→ What to produce: With pictures removed, the data below should be returned exactly.

→ Available data:
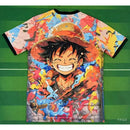 JAPÓN EDICIÓN LIMITADA ONE PIECE I 26/27 HOMBRE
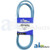 Replacement A&I  A-SECTION ARAMID BLUE BELT for Deck, 48" Part# 7079182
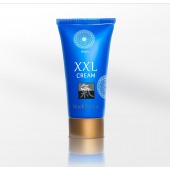 Интимный крем для мужчин XXL CREAM - 50 мл. - Shiatsu - купить с доставкой в Северске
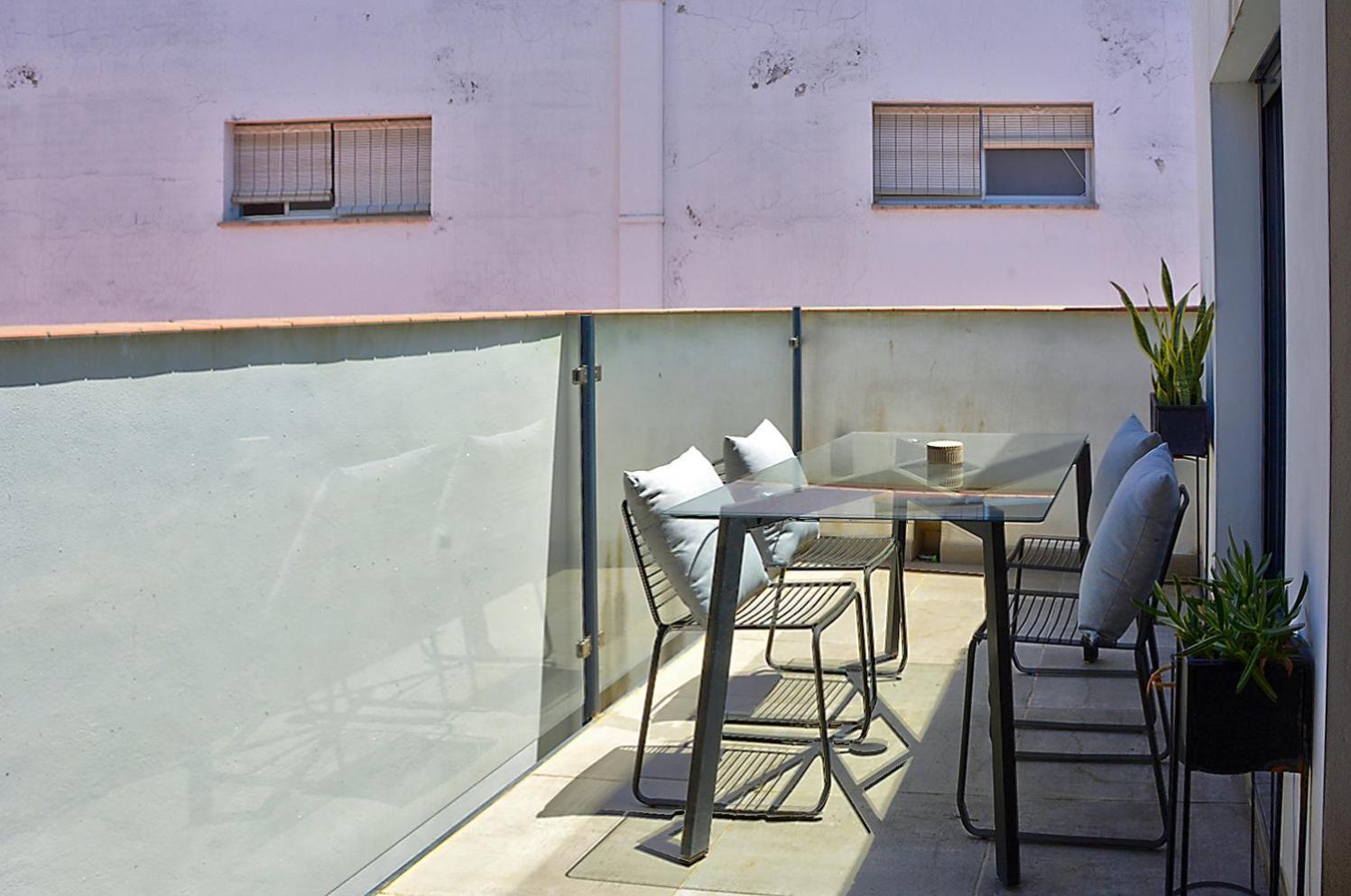 Apartamento Exclusivo En Sevilla Ngoại thất bức ảnh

→ Result below:
 JAPÓN EDICIÓN LIMITADA ONE PIECE I 26/27 HOMBRE
 Replacement A&I  A-SECTION ARAMID BLUE BELT for Deck, 48" Part# 7079182
 Интимный крем для мужчин XXL CREAM - 50 мл. - Shiatsu - купить с доставкой в Северске
 Apartamento Exclusivo En Sevilla Ngoại thất bức ảnh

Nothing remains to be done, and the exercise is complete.